American Renaissance

Judges Criticize Immigration Courts

NEPA News, Associated Press, Jan. 27

One federal appeals court recently criticized an immigration judge’s decision as “more puzzling than plausible, more curious than common sense.” Another complained about an immigration appeals board ruling it said eluded “the elementary principles of administrative law, the rules of logic, and common sense.”

Harsh criticism of the performance of immigration judges has become increasingly common in the federal courts as they have been bombarded with thousands of appeals from aliens who say an effort to streamline the nation’s immigration appeals system has led to flawed rulings.

In the 12 months after Attorney General John Ashcroft announced a raft of new rules that would let immigration judges dispose of cases faster, the number of aliens appealing the decisions to federal courts has skyrocketed 379 percent, according to the Administrative Office of the U.S. Courts.

Immigrant-advocacy groups have complained that the reforms, begun in February of 2002, created an environment where immigration judges are too quick to rubber-stamp deportations.

And the federal judges increasingly called on to review run-of-the-mill immigration disputes have sometimes taken a critical view of work done by their immigration court colleagues.

In one opinion issued in late December, the 3rd U.S. Circuit Court of Appeals in Philadelphia upheld the constitutionality of streamlining policies that began under the Clinton administration, but sharply criticized an immigration judge for reaching “perplexing” conclusions.

Those sentiments were echoed by the 7th U.S. Circuit Court of Appeals in Chicago earlier this month in a pair of cases involving immigrants who claimed to need protection from persecution in their home countries of Bulgaria and Sudan.

Judge Richard A. Posner said decisions by the Board of Immigration Appeals to deny refugee status to the men contained “startling omissions” and were part of “a pattern of serious misapplications by the board and the immigration judges of elementary principles of adjudication.”

Justice Department spokesmen did not return phone messages seeking comment on the issue Tuesday.

The chairwoman of the Board of Immigration Appeals, Lori Scialabba, said in a recent letter to the American Bar Association that the quality of the board’s work was excellent and had not suffered under the reforms.

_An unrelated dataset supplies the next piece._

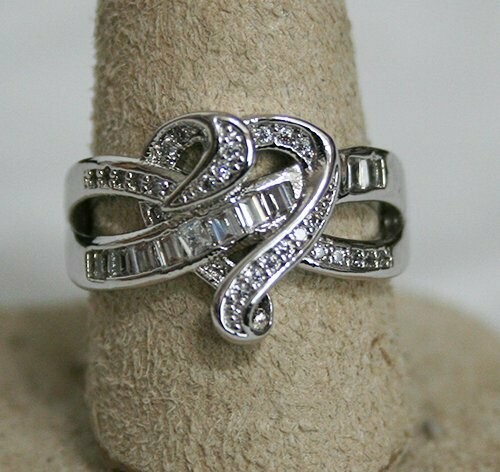 Ring: Ladies - Sterling Silver - White Sapphire Heart - Size 6 1/2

The changes made by Ashcroft have whittled away at a notorious backlog of immigration cases that advocates had long agreed was in desperate need of attention.

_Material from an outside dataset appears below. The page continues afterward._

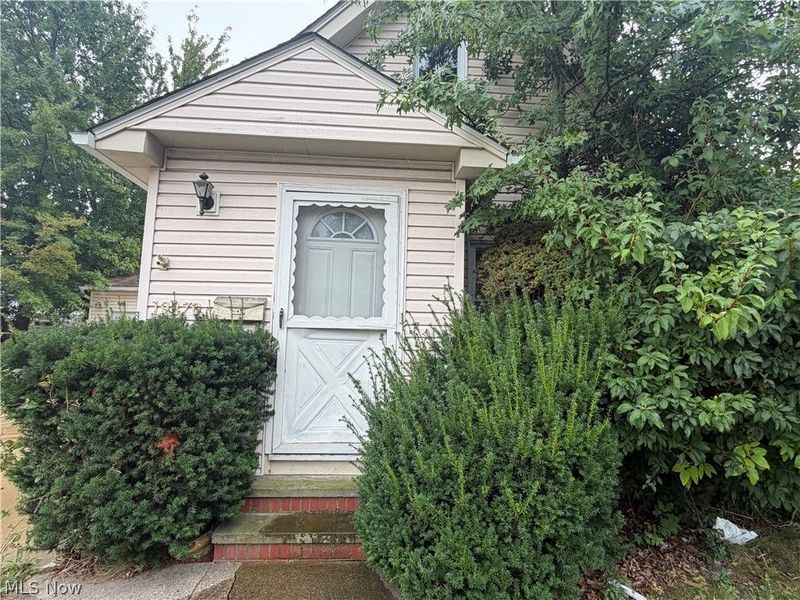 19870 Pasnow Avenue, Euclid, OH 44119 Photo 1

Some immigrants now wait years in detention while their cases crawl their way through administrative appeals, and the new procedures sought to speed the process by allowing single judges to decide requests for asylum, rather than three-judge panels, and by giving the Board of Immigration Appeals the ability to affirm rulings without issuing a written opinion.

But both reforms, plus a simultaneous move to cut the number of immigration judges hearing cases, have been assailed by immigrant-rights groups.

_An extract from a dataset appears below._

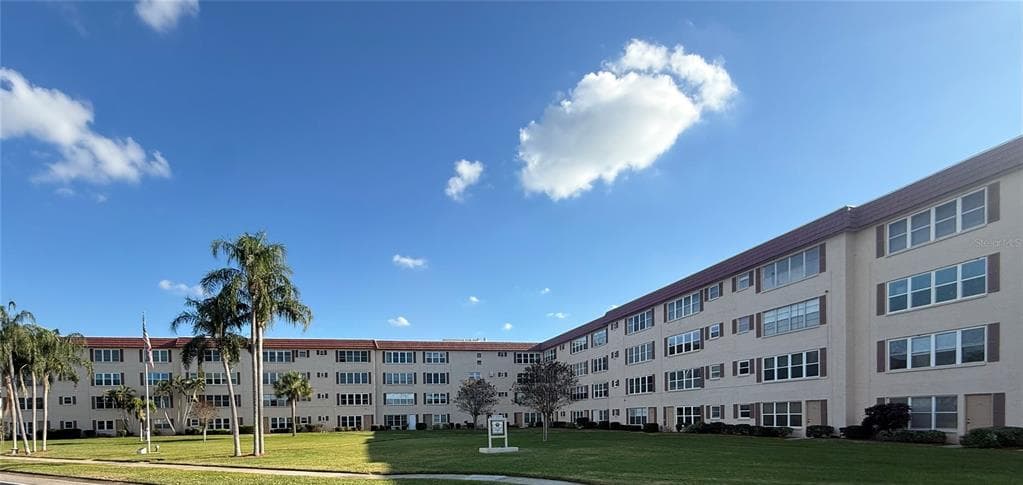 9950 62ND TERRACE N UNIT 216 ST PETERSBURG, FL 33708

“If you want to move these cases along expeditiously, the way to not do that is to have cases decided so summarily, and so quickly that mistakes are made,” said Esther Lardent, chairwoman of the American Bar Association’s Commission on Immigration Policy.

Several courts have upheld the efforts to streamline the system as legal, but in doing so questioned whether immigration judges were making bad decisions in the rush to resolve cases quickly.

In a separate opinion attached to the recent 3rd Circuit case, Judge Theodore McKee cited several instances in which he believed immigration judges made poorly informed judgments.

In one, an immigration judge decided it was unrealistic that a Guinean policeman would have risked his career to allow a man seeking political asylum to pass through a checkpoint for a bribe worth only $150. Reviewing the case, the 3rd Circuit noted that $150 is more than most Guineans earn in several months.

In another, a judge dismissed a Sudanese immigrant’s tale of being treated for an illness with herbal medicines by quipping, “That is not the case. All countries have hospitals and doctors,” despite evidence that professional medical attention in rural Sudan is scarce.

“Time and again this Board has considered appeals in which assumptions of this nature have been proven to be totally wrong,” McKee wrote.

Judge Samuel Alito dissented, saying federal courts should resist the temptation to second-guess. Federal law, he said, only allows the decisions of immigration judges to be overturned in cases where “any reasonable adjudicator would be compelled to conclude to the contrary.”

“This limited role sometimes puts us in the uncomfortable position of deferring to a credibility determination about which we are skeptical. But the statute leaves us no alternative,” he wrote.